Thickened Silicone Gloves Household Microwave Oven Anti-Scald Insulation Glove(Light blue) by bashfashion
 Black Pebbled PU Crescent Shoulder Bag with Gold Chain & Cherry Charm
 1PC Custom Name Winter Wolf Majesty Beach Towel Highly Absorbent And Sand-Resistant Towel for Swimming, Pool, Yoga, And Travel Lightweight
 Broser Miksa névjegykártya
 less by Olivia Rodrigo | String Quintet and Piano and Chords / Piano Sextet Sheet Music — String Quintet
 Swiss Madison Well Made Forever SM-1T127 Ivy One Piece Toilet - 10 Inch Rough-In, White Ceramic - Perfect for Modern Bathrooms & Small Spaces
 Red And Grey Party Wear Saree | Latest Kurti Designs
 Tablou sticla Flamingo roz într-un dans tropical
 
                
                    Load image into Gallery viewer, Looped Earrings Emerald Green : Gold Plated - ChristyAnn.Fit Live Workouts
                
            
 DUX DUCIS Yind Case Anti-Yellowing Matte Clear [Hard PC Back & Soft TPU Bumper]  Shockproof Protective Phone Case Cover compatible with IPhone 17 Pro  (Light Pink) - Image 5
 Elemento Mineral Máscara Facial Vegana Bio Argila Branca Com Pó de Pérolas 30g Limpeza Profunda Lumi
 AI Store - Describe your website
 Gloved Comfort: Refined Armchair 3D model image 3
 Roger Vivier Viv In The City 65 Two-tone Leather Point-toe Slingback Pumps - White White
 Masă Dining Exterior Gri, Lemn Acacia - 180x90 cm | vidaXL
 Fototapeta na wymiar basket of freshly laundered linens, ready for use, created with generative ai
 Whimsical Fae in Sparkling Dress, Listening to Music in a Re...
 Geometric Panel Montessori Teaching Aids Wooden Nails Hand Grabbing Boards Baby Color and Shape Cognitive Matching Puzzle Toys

What is expected: Everything above from the line containing "Red And Grey" through the line containing "Load image into" must be copied exactly. Nothing outside that range belongs in the answer.

Exercise solution:
 Red And Grey Party Wear Saree | Latest Kurti Designs
 Tablou sticla Flamingo roz într-un dans tropical
 
                
                    Load image into Gallery viewer, Looped Earrings Emerald Green : Gold Plated - ChristyAnn.Fit Live Workouts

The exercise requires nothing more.